Bernd Heinrich Wilhelm von Kleist, born at Frankfort on the Oder, October 18, 1777, became an author late in life. At the age of fifteen, as a member of an old Prussian family of soldiers, he joined the Guards in Potsdam, serving reluctantly. During the Rhine campaign of 1792 he felt the deep gulf between the duties of a man and those of a soldier. In 1799 he gave up his military position but again and again sought refuge under the wings of the Prussian eagle when life pressed him too hard. In his native city he collected with an insatiable thirst literary, historical and philosophical knowledge and thereby probably laid the foundation of that derangement which all too soon was to lame his power of will and purpose. His portrait shows a beardless boyish face with melancholy eyes, lines of suffering about the mouth and a splendid forehead. His intercourse with cultured circles of Berlin, to which city he returned in 1800, awakened in him the idea of winning bread and fame as an author. He soon found in Robert Guiskard's fate a subject of imposing grandeur. In fruitless wrestling with this task he dissipated his life's energies during the following years. Restlessly he wandered away from his native place. Paris could not give him peace nor was his hope fulfilled that in Switzerland, in the idyllic quiet of country life, he would recover from his unrest.
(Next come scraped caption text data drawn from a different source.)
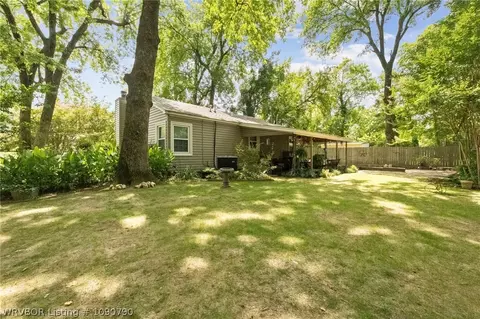 Exterior - 4419 Kinkead Ave, Fort Smith, AR 72903 photo 14 of 18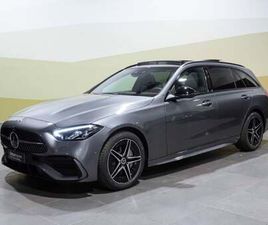 MERCEDES-BENZ CLASSE C STATION WAGON 220 D EXECUTIVE DEL 2024 USATA A RIMINI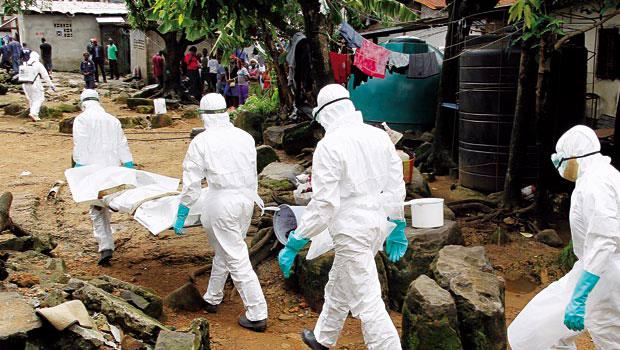 伊波拉病毒從非洲逐漸擴散開來，歐、美相繼淪陷，繼美國之後，西班牙衛生當局也證實該國1名護士感染伊波拉病毒。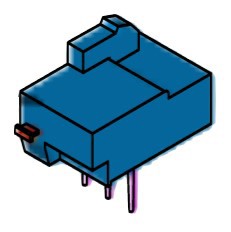 Zeige Details für Thermorelais (22-30 A) Bild von Thermorelais (22-30 A)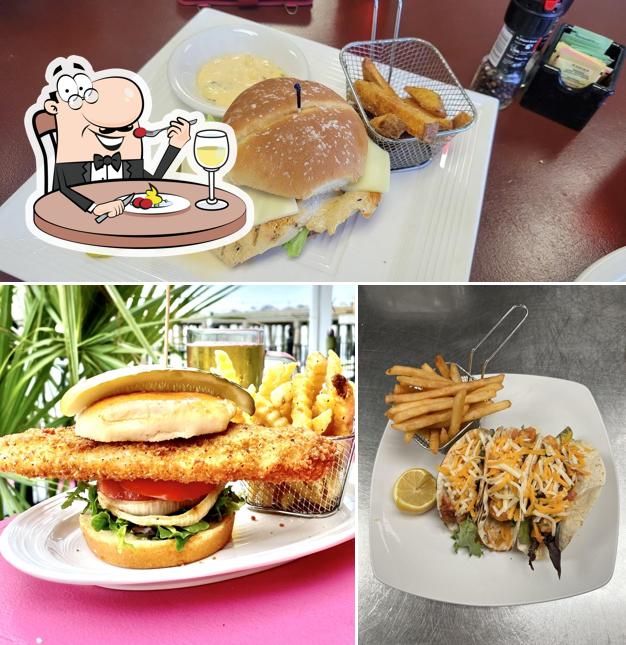Find the best place to eat in Freeport, Florida, winter 2023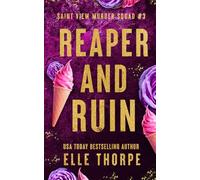 Reaper and Ruin: Alternate Cover (Saint View Alternate Paperback Covers)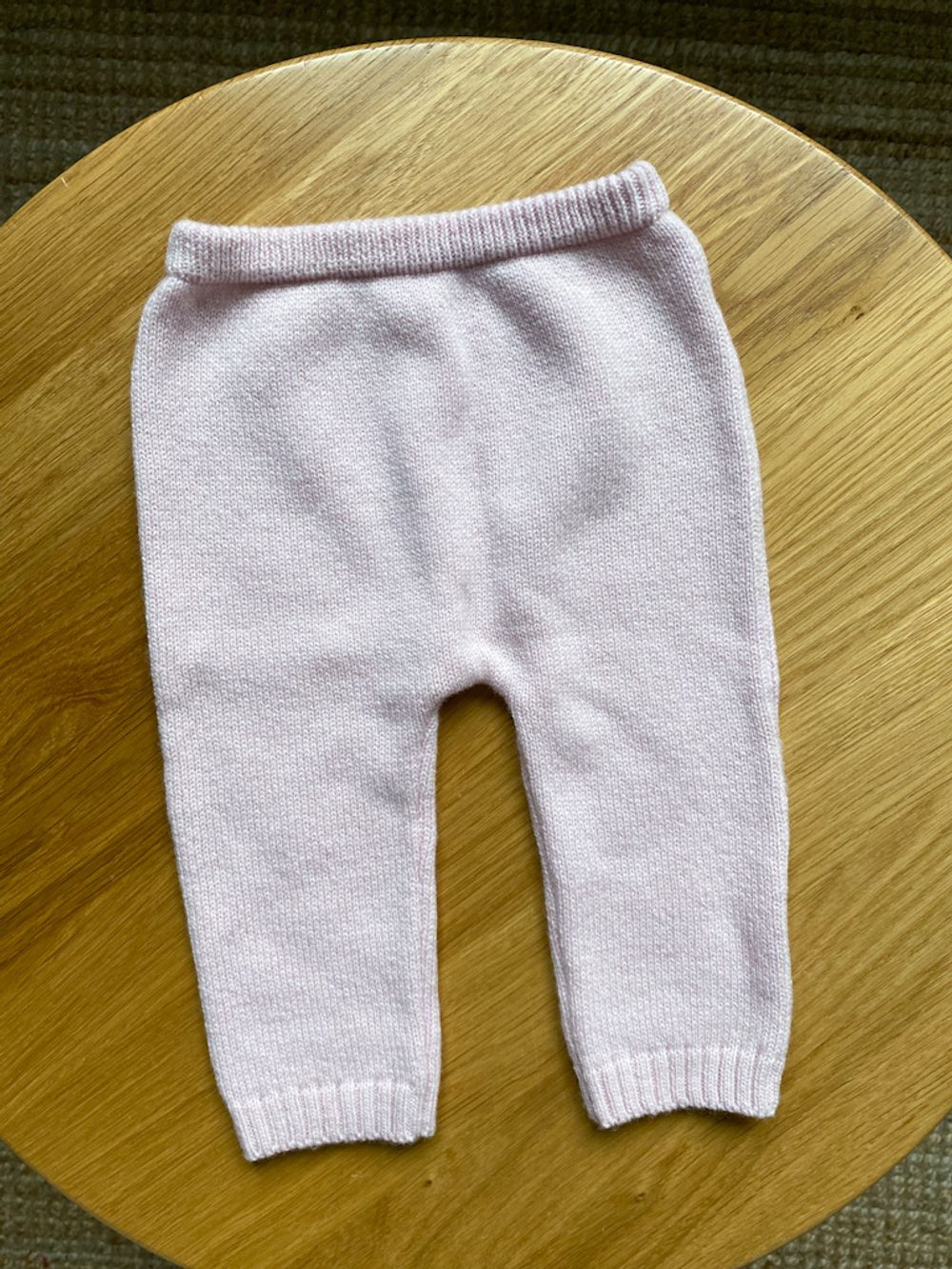 Шерстяные брюки Baby T, 68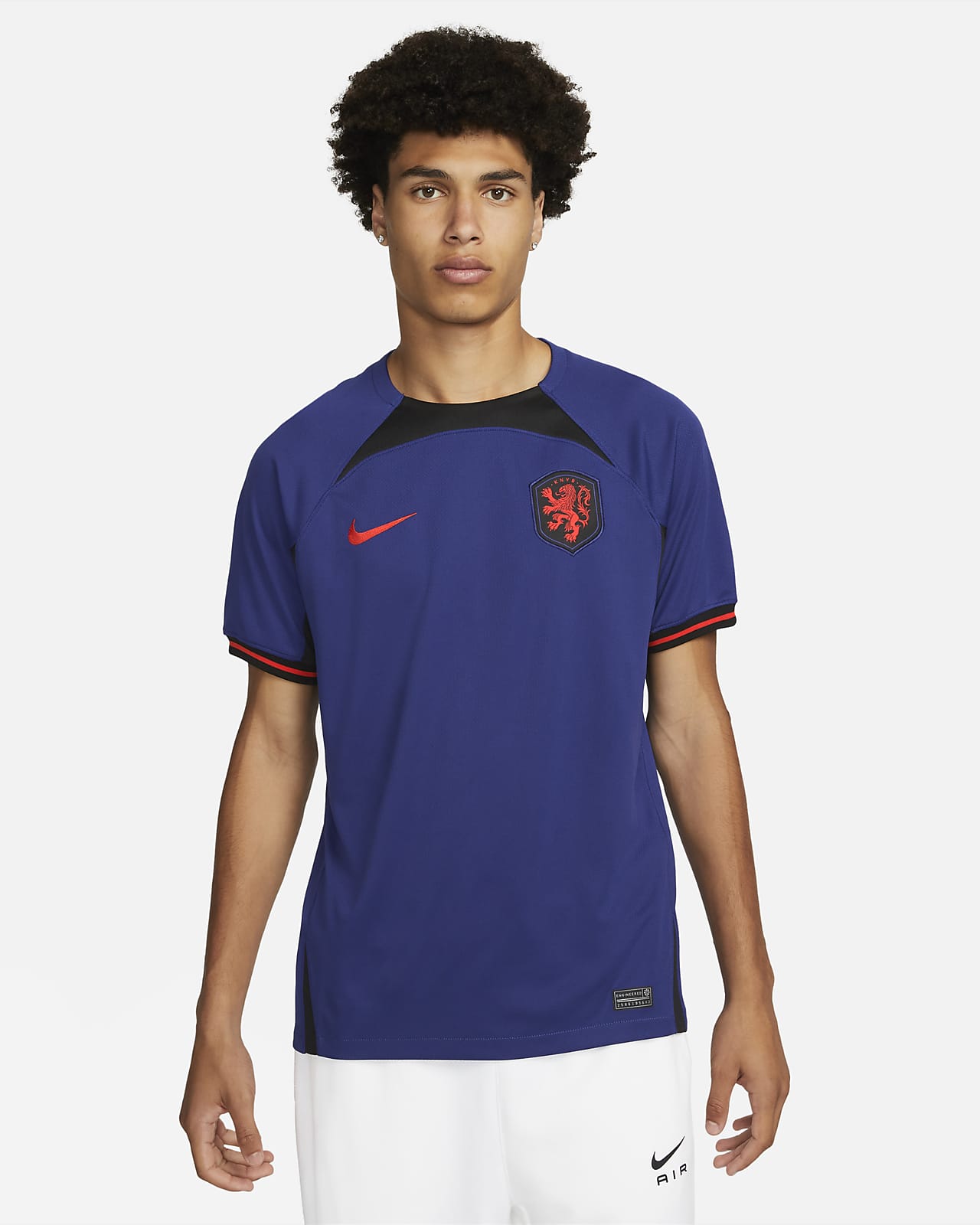 Netherlands 2022/23 Stadium Away Men's Nike Dri-FIT Football Shirt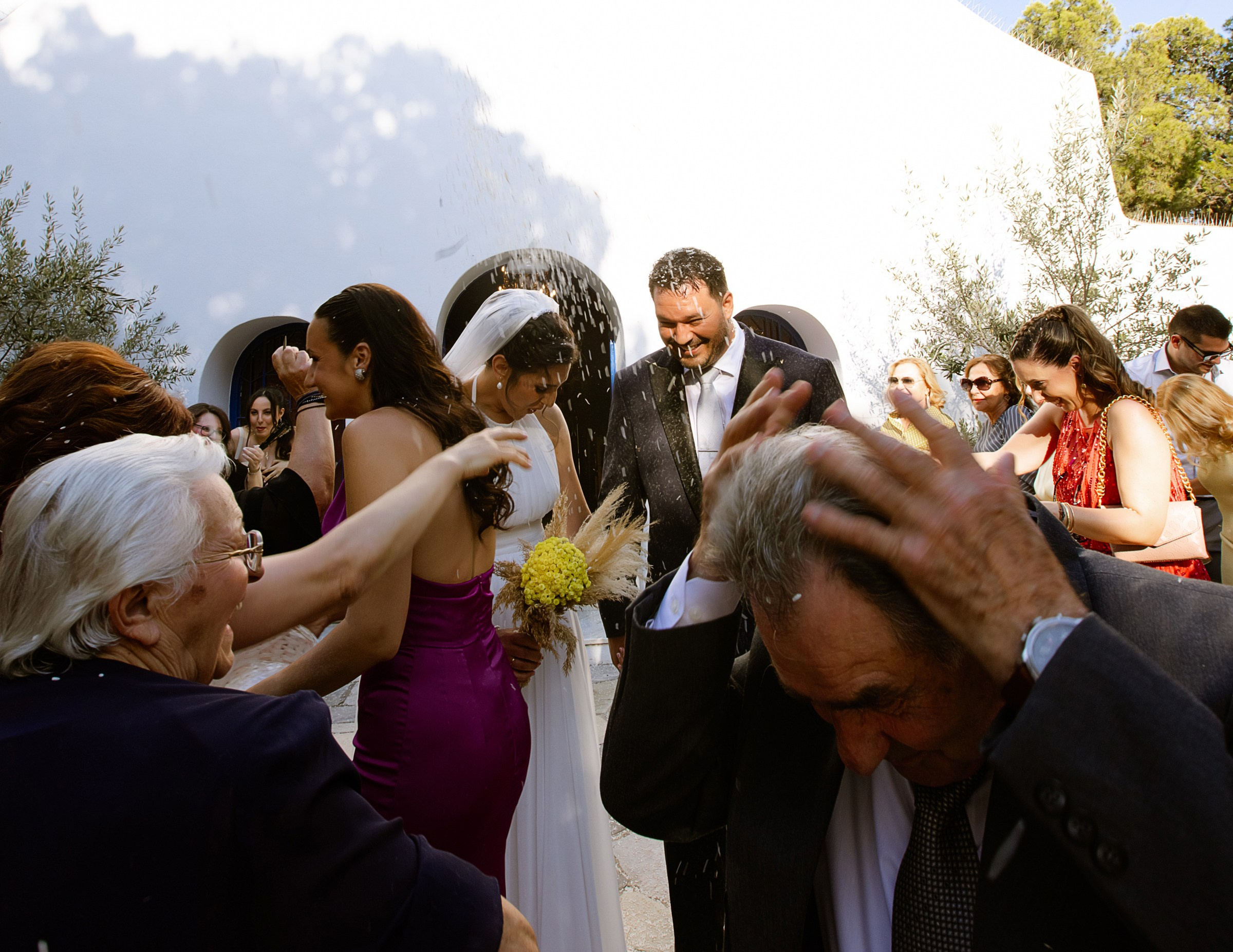 Valeria & Nikos. Φωτογράφος και βιντεογράφος γάμου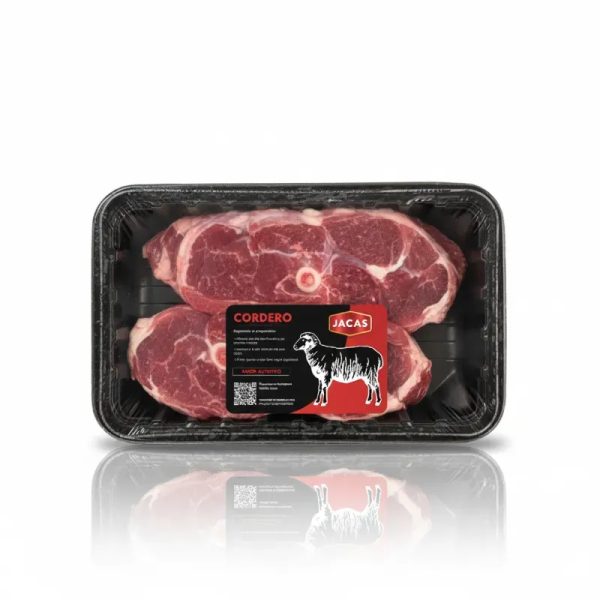 Chuleta de Pierna de Cordero JACAS - 500g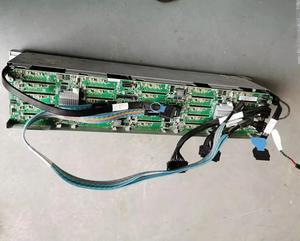 For 686568-001 DL380P 380E 385P G8 Gen8 25-Bay HDD Backplane Cage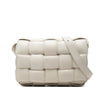Secondhand Bottega Veneta Nappa Intrecciato Padded Cassette Crossbody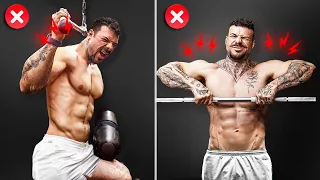 10 Exercises Every Man Should Avoid!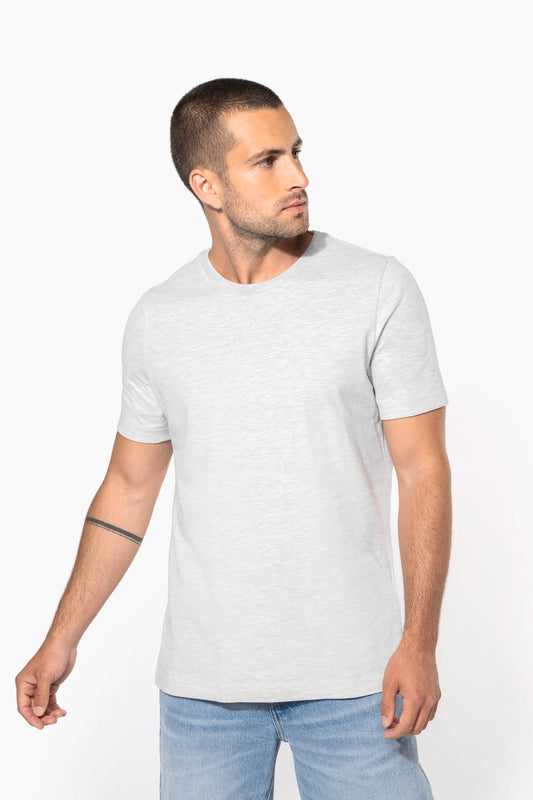 KV2106A - T-shirt vintage uomo manica corta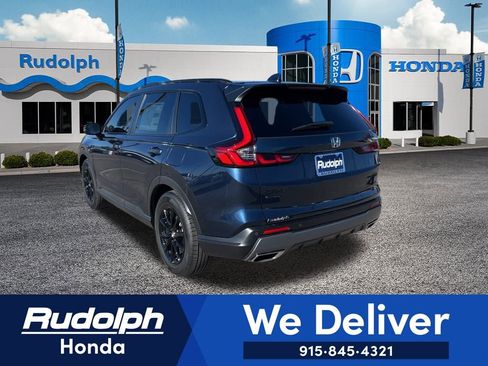 New 2026 Honda CR-V Sport-L image 3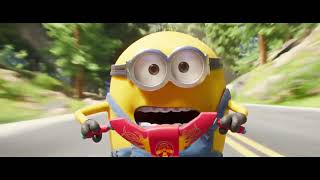 Minions Bicycle Ride | The Rise Of Gru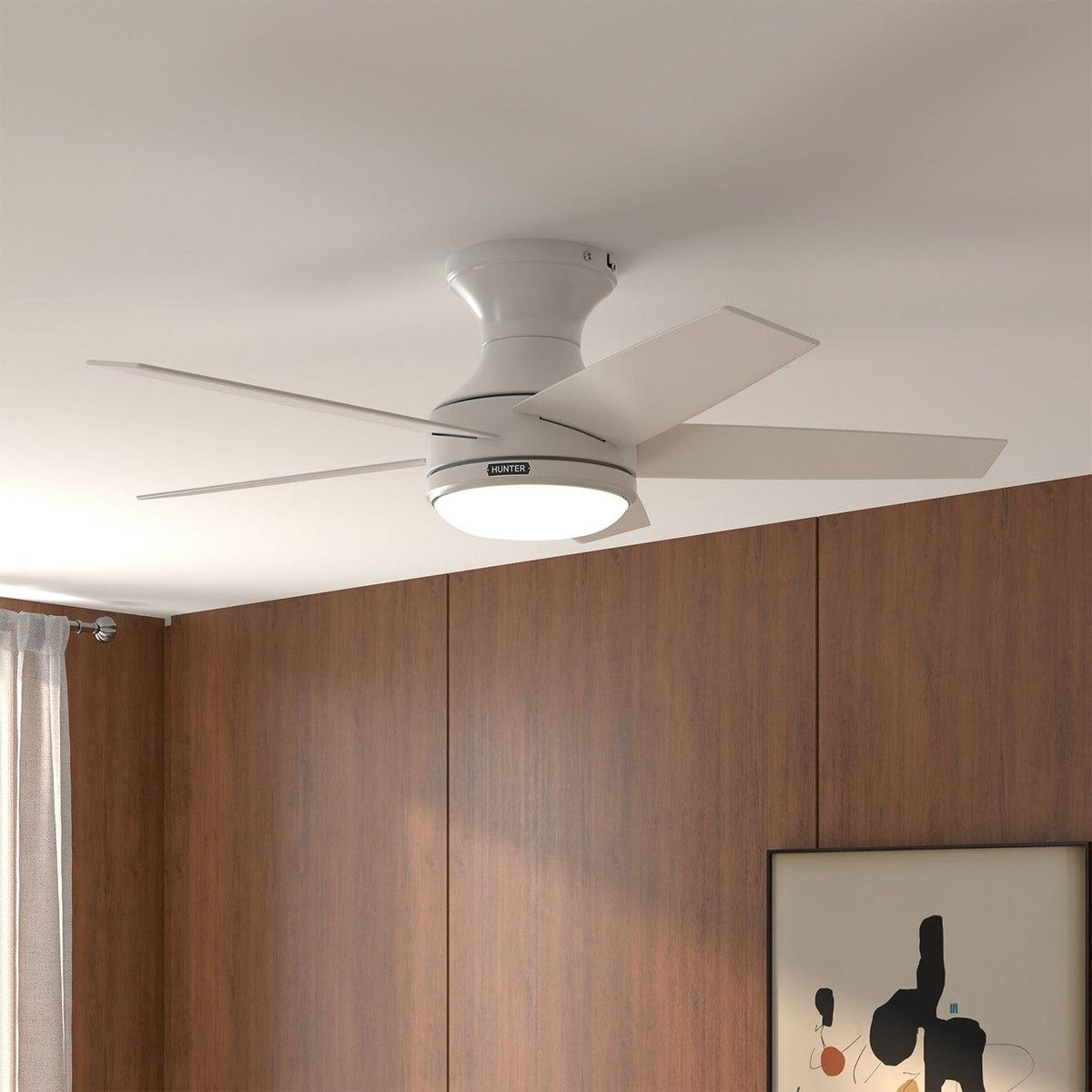 55101_6 dreska indoor low profile 44 inch with led light and remote fresh white lifestyleimages1c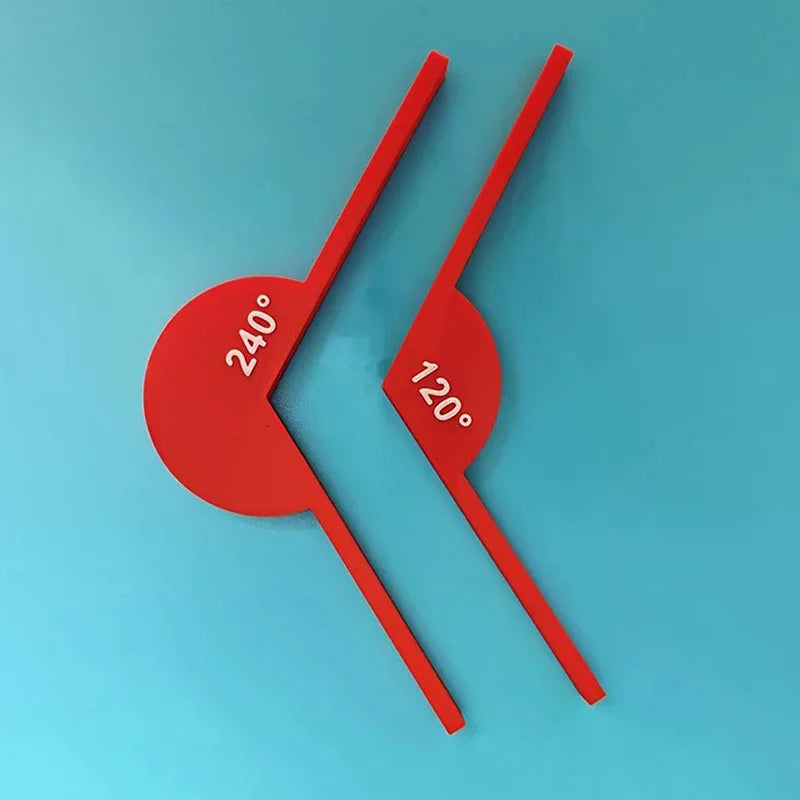 Mathematics Angle Measuring Teaching Tool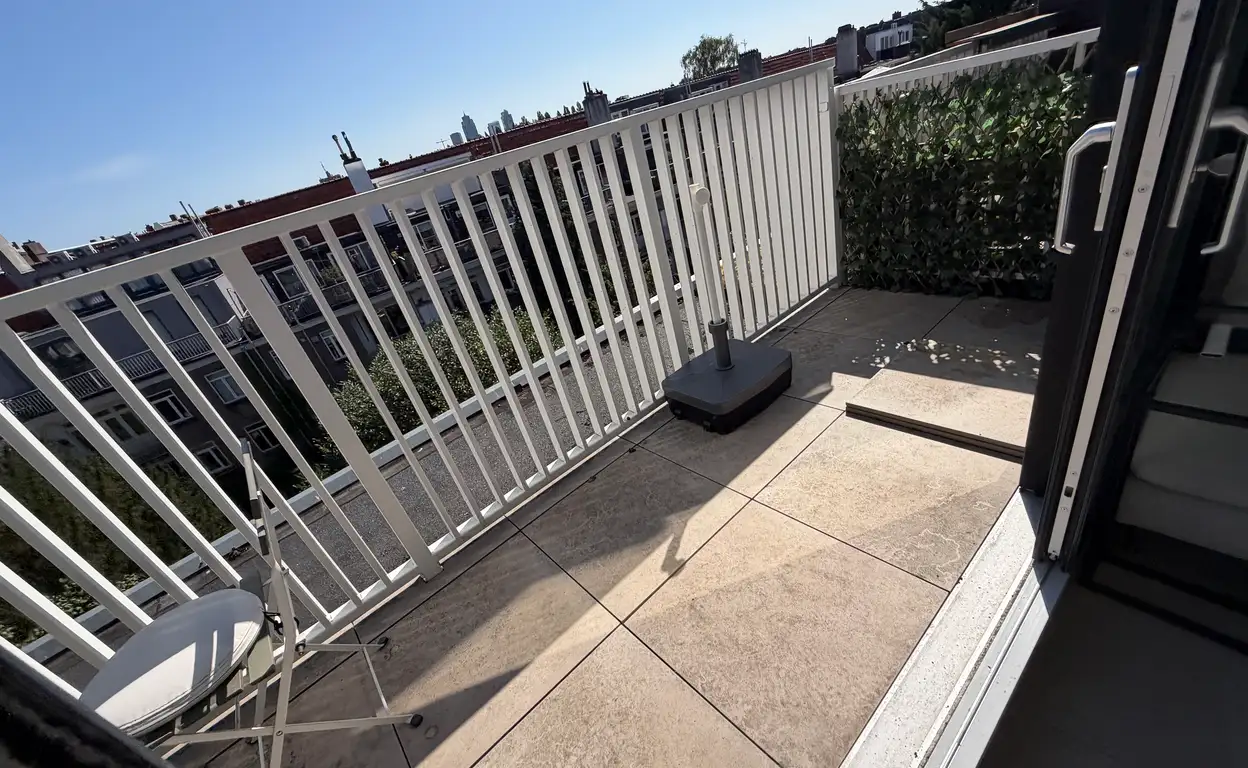 Foto #22 Huurwoning Europaplein Amsterdam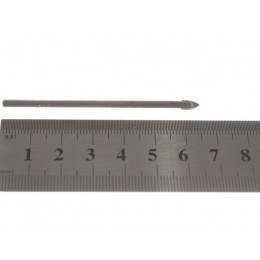 Сверло по кафелю/стеклу 3х65 мм D-25111 Makita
A few months only of happy life were granted him while he led in Berne the modest life of a poet in company with the sons of Wieland and Soloman Gessner and with Heinrich Zschokke. For a time he now allowed his Robert Guiskard to drop into the background, and his first work, Die Familie Schroffenstein, took form. In spite of the fact that Ludwig Uhland, who looked after its publication, subjected it to a thorough revision, even in this form it still bears testimony to the independent originality of Kleist, scarcely influenced by any predecessors.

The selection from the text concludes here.